The initiative, in partnership with Re:wild — an organization founded this year by a group of renowned conservation scientists and DiCaprio — the Galapagos National Park Directorate, Island Conservation and local communities aims to rewild the Galapagos Islands, as well as all of Latin America’s Pacific archipelagos.
The US$43 million pledge is to fund Galapagos projects, including efforts to restore Floreana Island, home to 54 threatened species, and reintroduce 13 locally extinct species, including the Floreana mockingbird — the first mockingbird described by Charles Darwin.
The money would also pay for a captive breeding program and other activities to prevent the extinction of the pink iguana, and strengthen measures to protect the Galapagos’ marine resources from the human impact of ecotourism.
“When I travelled to the Galapagos Islands, I met with Paula Castano and other environmental heroes in Ecuador working day in and day out to save one of the most irreplaceable places on the planet,” DiCaprio said. “Around the world, the wild is declining. We have degraded three-quarters of the wild places and pushed more than 1m [1 million] species to the brink of extinction. More than half of Earth’s remaining wild areas could disappear in the next few decades if we don’t decisively act.”
“The environmental heroes that the planet needs are already here. Now we all must rise to the challenge and join them,” he said.
“Time is running out for so many species, especially on islands where their small populations are vulnerable and threatened.

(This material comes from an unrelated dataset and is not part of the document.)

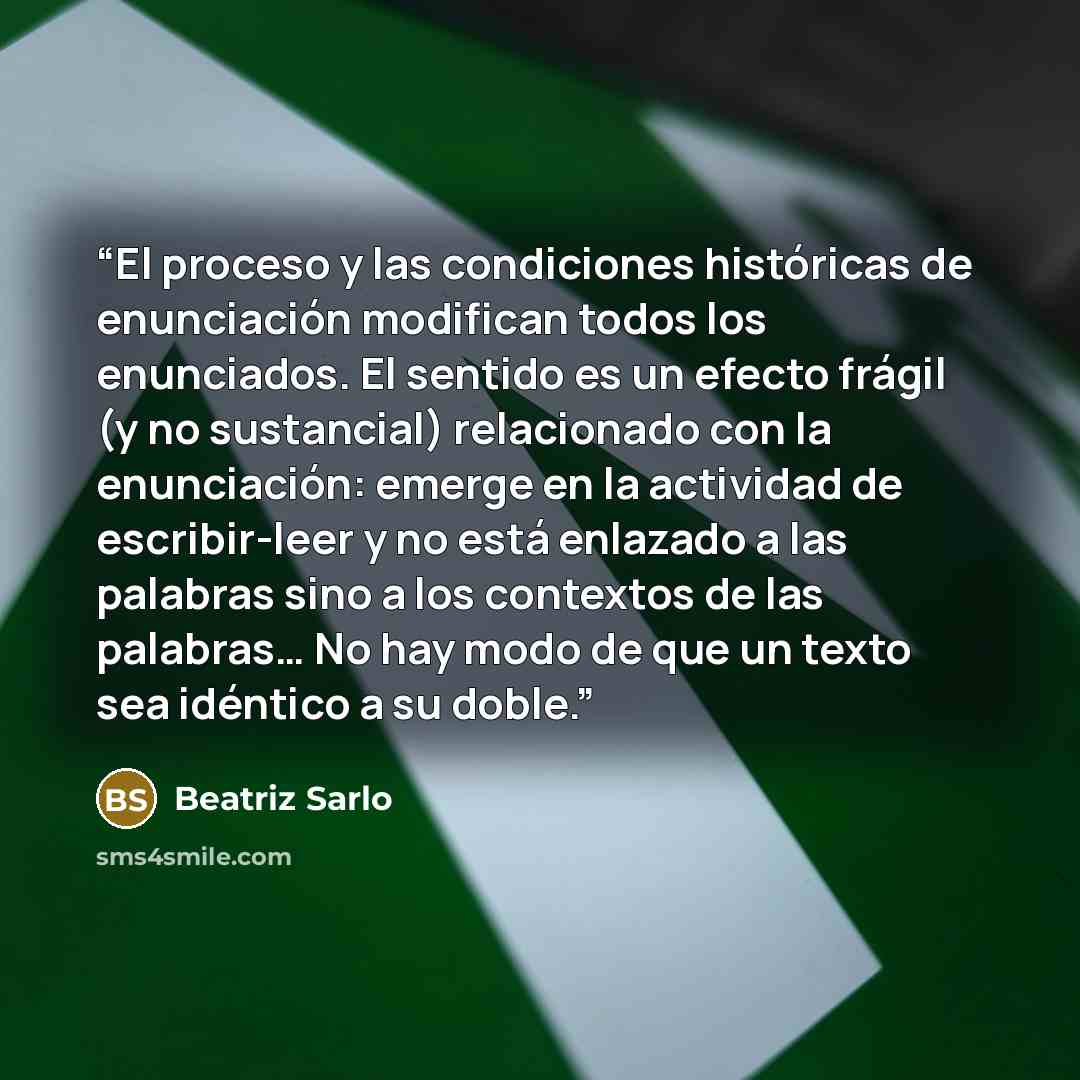 “El proceso y las condiciones históricas de enunciación modifican todos los enunciados. El sentido es un efecto frágil (y no sustancial) relacionado con la enunciación: emerge en la actividad de escribir-leer y no está enlazado a las palabras sino a los contextos de las palabras… No hay modo de que…” quote by Beatriz Sarlo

We need catalytic investments like the one announced today to replicate our successes in the Galapagos and elsewhere,” said Castano, who is to take over DiCaprio’s Instagram and Twitter accounts to promote critical interventions needed to rewild the Galapagos.
Castano, who has been working as an island restoration specialist for eight years, believes that if humans can coexist with nature, ecosystems can be rewilded successfully.

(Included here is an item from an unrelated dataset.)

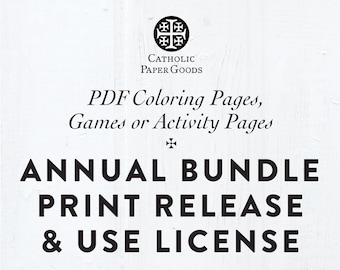 B&W or Color Bundle Annual Classroom, Parish, Homeschool Usage License and Print Release, Coloring Pages, Activity Pages, Games, Bingo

“Up to 97 percent of the land area of the Galapagos Islands comes under national park status. We are not trying to remove humans from the picture. We are trying to all work together to rewild these ecosystems, and support the community as well. They want to be able to continue to thrive together with nature,” Castano said.
Castano cited successful rewilding restorations in the past.

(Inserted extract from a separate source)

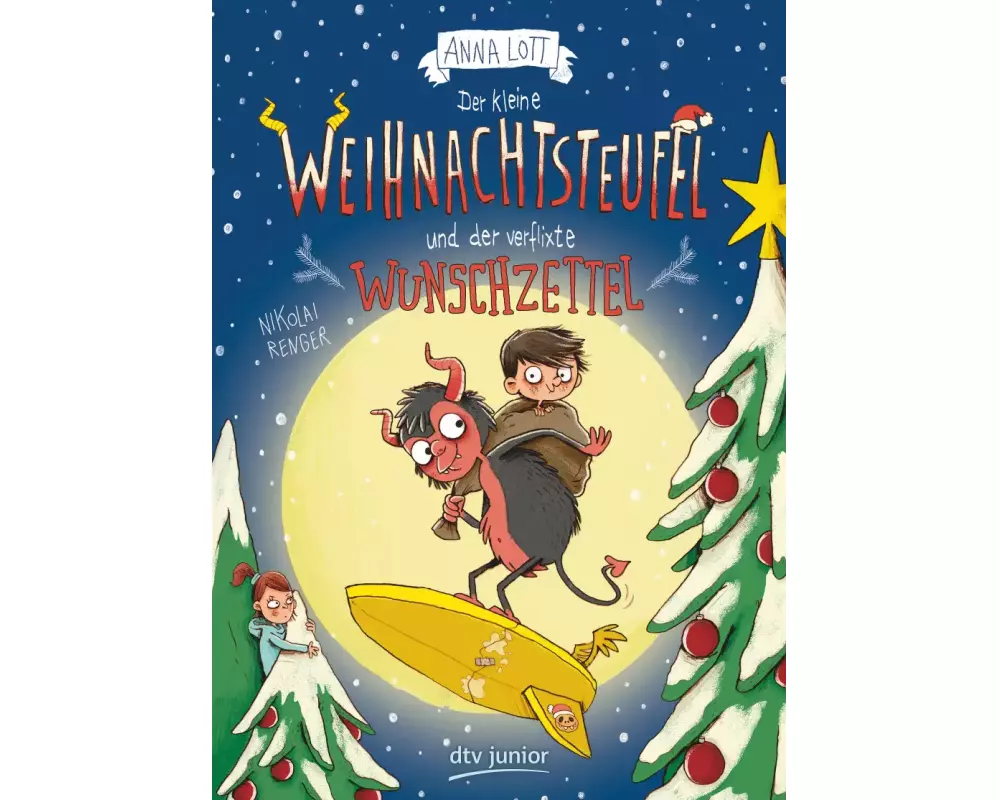 Der kleine Weihnachtsteufel und der verflixte Wunschzettel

In 2012, invasive rodents were removed from the island of Pinzon by the Galapagos national park, assisted by Island Conservation to benefit the Pinzon giant tortoise. As a result, new hatchlings were discovered in 2014.
“We have seen rewilding in our lifetime, so we don’t really have to wait five years or 20 or 50 years. These are immediate results,” she said. “We will see the payoff for all of these efforts, and not across only the Galapagos, but farther beyond archipelagos in Latin America.”